Kepala bea cukai Bandung, Budi Santoso, mengatakan nilai barang dari rokok ilegal tersebut ditaksir mencapai Rp 13,7 miliar dengan potensi kerugian negara berupa cukai yang tak terbayar sebesar Rp 6,8 miliar.
“Jalur atau rute penyebarannya awalnya dari wilayah Jawa Timur meski ada juga dari daerah lainnya. Kemudian masuk ke Bandung Raya lewat jalur darat dan berbagai cara,” kata Budi.
Berbagai merek rokok ilegal yang disita terlihat ditumpuk dalam tong sebelum dimusnahkan. Beberapa di antaranya berlabel Gemoy, Geboy, Jaya, Era, Angker, hingga Sempurna. pemusnahan dilakukan dengan pembakaran dan disaksikan perwakilan instansi terkait seperti Satpol PP, Kejaksaan, TNI, dan Polri.
Selain pembakaran, sejumlah rokok ilegal juga akan dikirim menggunakan kontainer ke wilayah Bogor untuk dihancurkan oleh PT Solusi Bangun Indonesia menggunakan teknologi khusus hingga tidak menyisakan residu yang dapat dimanfaatkan kembali.
Budi menyebut peredaran rokok ilegal di Bandung banyak dilakukan melalui jalur tol, jalan arteri, dan jasa ekspedisi. Penindakan intensif dilakukan untuk menekan peredarannya.
Kepala Bidang Penindakan dan Penyidikan Kanwil bea cukai Jabar, Setiawan, menambahkan bahwa Jawa Barat bukan daerah produsen rokok. Provinsi ini lebih menjadi pasar serta jalur perlintasan distribusi rokok ilegal menuju wilayah Sumatera.

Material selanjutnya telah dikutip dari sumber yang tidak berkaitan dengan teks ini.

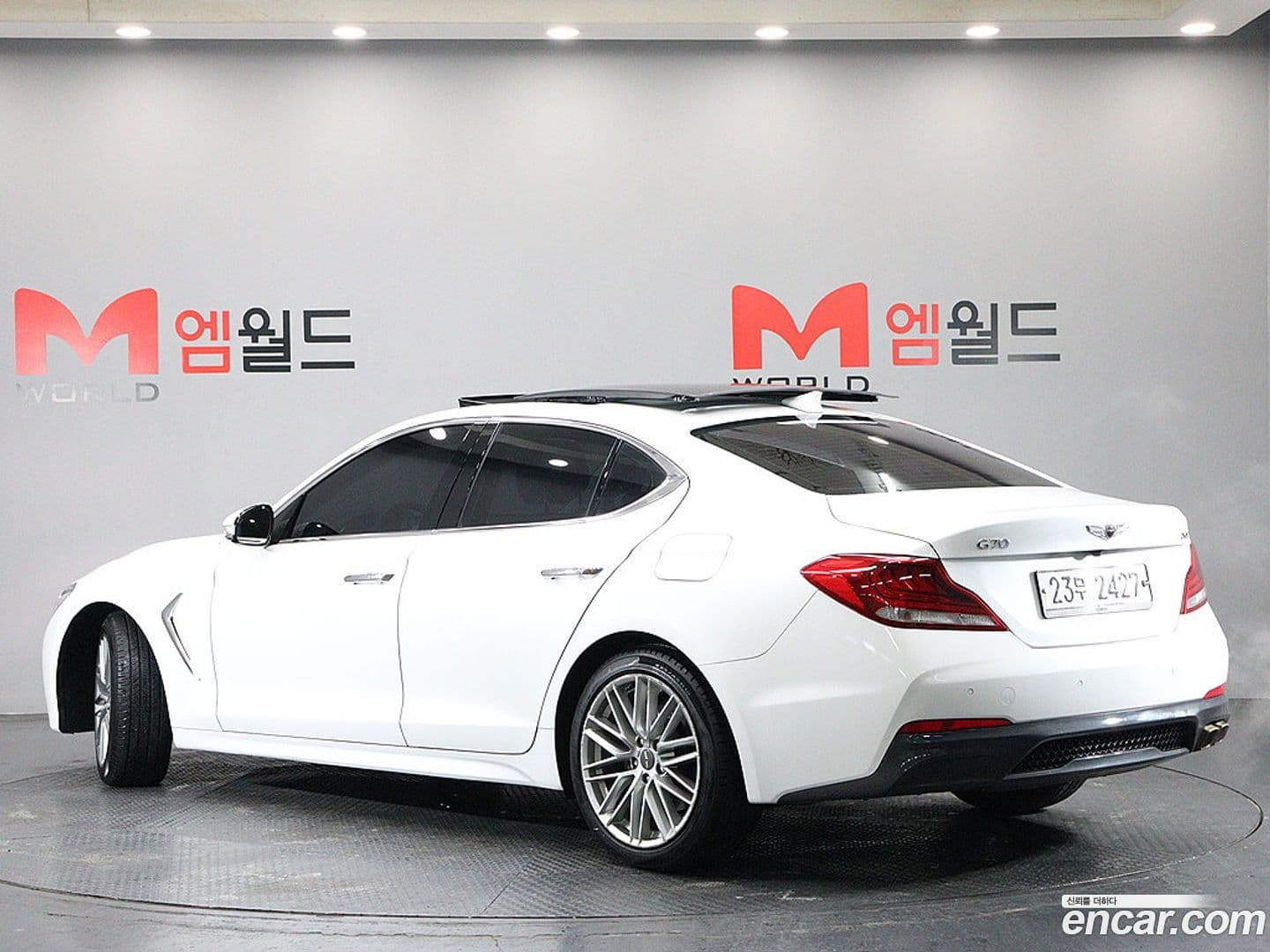 Main__Slider__Photo:G70 Genesis 2019.7-3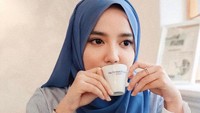 Tampaknya, Wirda juga menyukai kopi. Ini momennya ketika menikmati espresso dari coffee shop Casanello yang viral di Korea Selatan. Foto: Instagram @wirda_mansur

“Sepanjang 2025 sampai November sudah ada 88 juta batang rokok ilegal yang ditindak secara kolaboratif. Dari jumlah itu, 50 juta batang berasal dari perlintasan Utara dan Selatan,” ujar Setiawan.
bea cukai memastikan akan terus meningkatkan pengawasan dan penindakan guna melindungi masyarakat dan industri hasil tembakau yang legal dari praktik distribusi rokok ilegal.